Stored records
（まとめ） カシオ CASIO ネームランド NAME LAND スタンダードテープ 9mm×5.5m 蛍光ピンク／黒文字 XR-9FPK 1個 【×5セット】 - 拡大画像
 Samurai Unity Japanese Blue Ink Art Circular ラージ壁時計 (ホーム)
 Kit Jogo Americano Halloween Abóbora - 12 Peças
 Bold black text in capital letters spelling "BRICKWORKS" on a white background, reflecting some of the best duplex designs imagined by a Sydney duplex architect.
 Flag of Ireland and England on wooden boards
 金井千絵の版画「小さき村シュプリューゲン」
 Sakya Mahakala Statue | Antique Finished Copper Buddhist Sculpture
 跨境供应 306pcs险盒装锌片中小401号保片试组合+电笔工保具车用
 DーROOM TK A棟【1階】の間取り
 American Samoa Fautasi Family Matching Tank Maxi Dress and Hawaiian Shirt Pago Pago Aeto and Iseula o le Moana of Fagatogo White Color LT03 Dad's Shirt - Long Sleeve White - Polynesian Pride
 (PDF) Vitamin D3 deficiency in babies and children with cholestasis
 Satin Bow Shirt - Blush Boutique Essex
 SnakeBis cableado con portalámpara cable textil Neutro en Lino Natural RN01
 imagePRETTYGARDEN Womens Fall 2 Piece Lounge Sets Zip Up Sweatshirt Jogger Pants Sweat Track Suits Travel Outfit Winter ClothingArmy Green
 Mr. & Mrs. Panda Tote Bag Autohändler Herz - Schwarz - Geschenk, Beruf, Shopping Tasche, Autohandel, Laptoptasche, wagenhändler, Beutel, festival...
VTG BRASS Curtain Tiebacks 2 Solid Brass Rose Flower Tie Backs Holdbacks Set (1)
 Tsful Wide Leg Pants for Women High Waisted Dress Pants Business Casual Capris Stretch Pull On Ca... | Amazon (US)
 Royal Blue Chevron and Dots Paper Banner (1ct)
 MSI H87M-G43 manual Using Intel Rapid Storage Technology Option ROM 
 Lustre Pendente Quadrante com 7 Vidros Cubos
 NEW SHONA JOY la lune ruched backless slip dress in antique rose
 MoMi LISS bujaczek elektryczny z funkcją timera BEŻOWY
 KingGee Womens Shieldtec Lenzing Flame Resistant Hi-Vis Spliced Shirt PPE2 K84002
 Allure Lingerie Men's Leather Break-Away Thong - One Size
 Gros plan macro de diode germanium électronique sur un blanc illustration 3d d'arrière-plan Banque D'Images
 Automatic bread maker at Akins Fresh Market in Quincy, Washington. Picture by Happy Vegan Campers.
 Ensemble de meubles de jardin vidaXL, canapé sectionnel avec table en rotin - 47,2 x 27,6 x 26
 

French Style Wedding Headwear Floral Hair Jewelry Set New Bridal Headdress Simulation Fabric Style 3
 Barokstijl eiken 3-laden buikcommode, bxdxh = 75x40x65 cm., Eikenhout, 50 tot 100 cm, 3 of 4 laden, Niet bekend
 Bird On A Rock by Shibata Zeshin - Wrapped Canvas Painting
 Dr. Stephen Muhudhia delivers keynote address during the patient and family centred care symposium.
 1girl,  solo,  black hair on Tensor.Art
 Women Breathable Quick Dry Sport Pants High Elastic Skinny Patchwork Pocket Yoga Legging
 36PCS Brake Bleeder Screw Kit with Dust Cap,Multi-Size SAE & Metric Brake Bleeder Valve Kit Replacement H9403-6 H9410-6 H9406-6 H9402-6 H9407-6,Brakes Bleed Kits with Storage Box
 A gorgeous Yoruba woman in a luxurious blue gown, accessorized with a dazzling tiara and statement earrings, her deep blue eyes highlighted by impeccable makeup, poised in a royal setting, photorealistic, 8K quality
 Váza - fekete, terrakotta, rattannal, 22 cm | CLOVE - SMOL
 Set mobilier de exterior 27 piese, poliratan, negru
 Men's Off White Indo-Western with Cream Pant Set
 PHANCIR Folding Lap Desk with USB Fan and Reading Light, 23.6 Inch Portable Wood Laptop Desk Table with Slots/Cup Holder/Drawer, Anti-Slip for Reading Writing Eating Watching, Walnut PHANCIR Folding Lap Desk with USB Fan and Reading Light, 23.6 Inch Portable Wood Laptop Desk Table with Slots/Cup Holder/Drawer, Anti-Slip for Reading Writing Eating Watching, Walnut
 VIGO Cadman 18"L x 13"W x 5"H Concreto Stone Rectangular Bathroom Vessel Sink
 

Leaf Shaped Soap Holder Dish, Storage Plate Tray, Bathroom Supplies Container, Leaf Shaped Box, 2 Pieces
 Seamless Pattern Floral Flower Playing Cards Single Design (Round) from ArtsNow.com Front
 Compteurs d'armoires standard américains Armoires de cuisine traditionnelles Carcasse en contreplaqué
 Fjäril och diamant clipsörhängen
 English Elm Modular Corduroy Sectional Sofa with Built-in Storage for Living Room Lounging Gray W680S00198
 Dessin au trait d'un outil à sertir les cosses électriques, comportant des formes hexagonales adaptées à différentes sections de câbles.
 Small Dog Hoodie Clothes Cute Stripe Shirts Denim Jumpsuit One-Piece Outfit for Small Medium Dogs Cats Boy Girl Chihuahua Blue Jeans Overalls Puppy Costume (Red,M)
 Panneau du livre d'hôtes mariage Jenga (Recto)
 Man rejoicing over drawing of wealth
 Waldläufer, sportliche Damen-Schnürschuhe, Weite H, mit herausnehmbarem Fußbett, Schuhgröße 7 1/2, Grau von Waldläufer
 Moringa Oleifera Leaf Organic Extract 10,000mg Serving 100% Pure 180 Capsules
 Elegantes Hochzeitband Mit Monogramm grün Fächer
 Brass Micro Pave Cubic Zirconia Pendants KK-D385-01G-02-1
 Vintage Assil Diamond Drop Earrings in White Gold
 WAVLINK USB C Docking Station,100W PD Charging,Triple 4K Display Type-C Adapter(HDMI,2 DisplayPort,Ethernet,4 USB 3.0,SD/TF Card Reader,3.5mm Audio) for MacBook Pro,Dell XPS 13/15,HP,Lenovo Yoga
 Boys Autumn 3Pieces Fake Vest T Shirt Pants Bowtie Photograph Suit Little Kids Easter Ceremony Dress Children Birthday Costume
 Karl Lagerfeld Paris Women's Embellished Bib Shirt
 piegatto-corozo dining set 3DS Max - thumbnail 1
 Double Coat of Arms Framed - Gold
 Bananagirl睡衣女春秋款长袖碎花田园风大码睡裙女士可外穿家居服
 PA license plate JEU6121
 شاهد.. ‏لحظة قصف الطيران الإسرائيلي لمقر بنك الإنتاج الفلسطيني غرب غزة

__TASK TO CARRY OUT__:
State only the number of lines in these entries that contain "Yoga".

__WRITTEN ANSWER__:
2